Réélue en 2022, elle affronte un environnement pris entre inflation, volatilité de la production, sécheresse structurelle et attentes sociales élevées. Elle capte des fonds fédéraux pour les infrastructures, encourage l’implantation d’industries moins émettrices, renforce des programmes d’apprentissage et d’ingénierie, et tente de réduire des écarts territoriaux persistants. Dans un État de peuplement dispersé, la question des services de base demeure centrale, de la clinique locale à la garde d’enfants, des bus scolaires à la fibre. La transition énergétique, déjà cadrée par la loi, se transforme progressivement en chantiers concrets.
La sphère privée reste tenue à distance. La disparition de son premier mari en 2004 a façonné un rapport lucide au temps, à la fragilité et aux priorités. Ce lien aux lignages locaux, revendiqué depuis douze générations, n’est pas un totem identitaire ; il décrit une sédimentation d’expériences collectives dans un pays de frontières et de migrations au plus près. Ainsi se dessine, au fil des décennies, la figure d’une responsable publique qui a choisi les leviers à effet durable. Son expérience a lié services de santé, technique législative et pilotage d’État, pour arrimer transition énergétique, droits protégés et sécurité quotidienne. Cette continuité compose moins un roman personnel qu’une mécanique de gouvernement.

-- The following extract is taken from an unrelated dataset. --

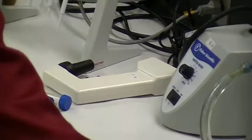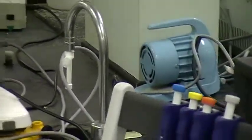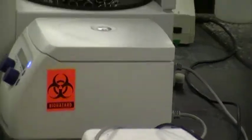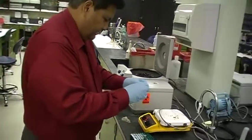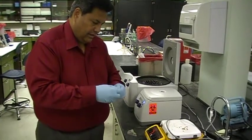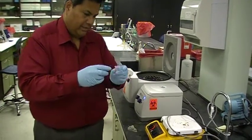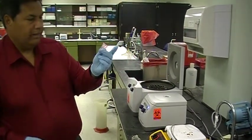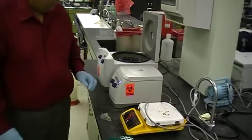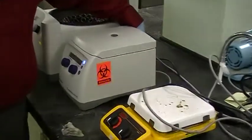Now I'm going to move over and show you how to use the next size up — the larger microcentrifuge. You always use this in balance. You have two tubes that are basically balanced. Let's say I want to pellet these tubes, so that I get a pellet on the bottom. You turn the microcentrifuge on using the switch on the back.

Dans le long temps du Nouveau-Mexique, fait d’altiplanos, de pueblos et de bassins d’extraction, elle aura cherché à convertir la rente en capital humain, à transformer des normes en résultats, à tenir ensemble héritage et modernité. Sa biographie, commencée dans une ville-laboratoire et nourrie par les métiers du soin, raconte une manière de faire qui préfère la durée aux éclats et l’exécution aux slogans.